• [What the task requires]:
Reproduce the following data exactly, minus any images.

• [Given information]:
↓↓↓
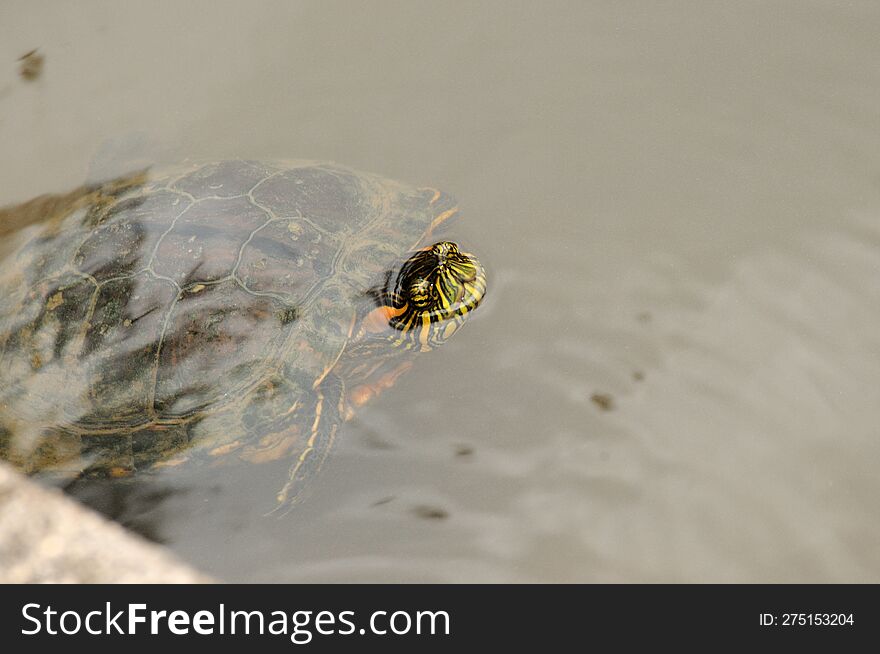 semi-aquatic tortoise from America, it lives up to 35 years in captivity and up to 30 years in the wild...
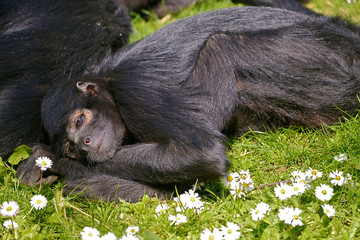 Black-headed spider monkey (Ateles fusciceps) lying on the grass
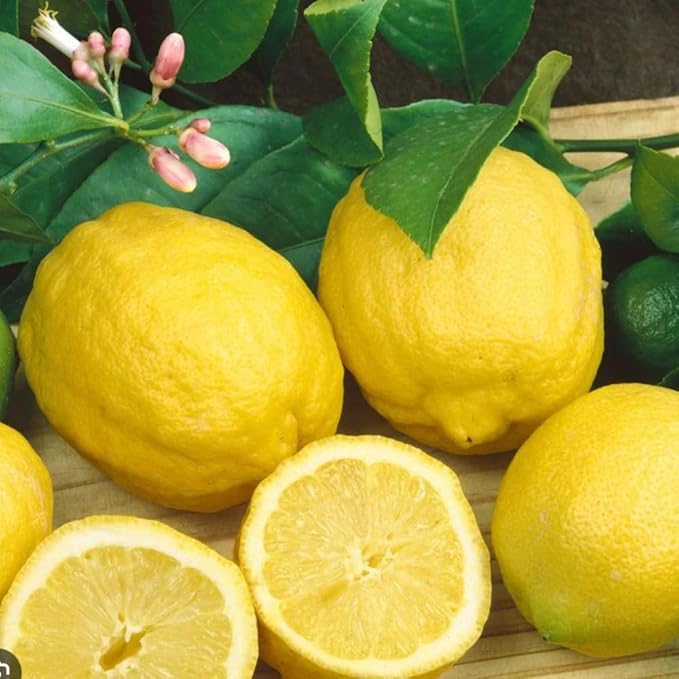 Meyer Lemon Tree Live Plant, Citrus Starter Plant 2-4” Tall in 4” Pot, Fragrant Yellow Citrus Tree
↑↑↑
• [Exercise response]:
 semi-aquatic tortoise from America, it lives up to 35 years in captivity and up to 30 years in the wild...
 Black-headed spider monkey (Ateles fusciceps) lying on the grass
 Meyer Lemon Tree Live Plant, Citrus Starter Plant 2-4” Tall in 4” Pot, Fragrant Yellow Citrus Tree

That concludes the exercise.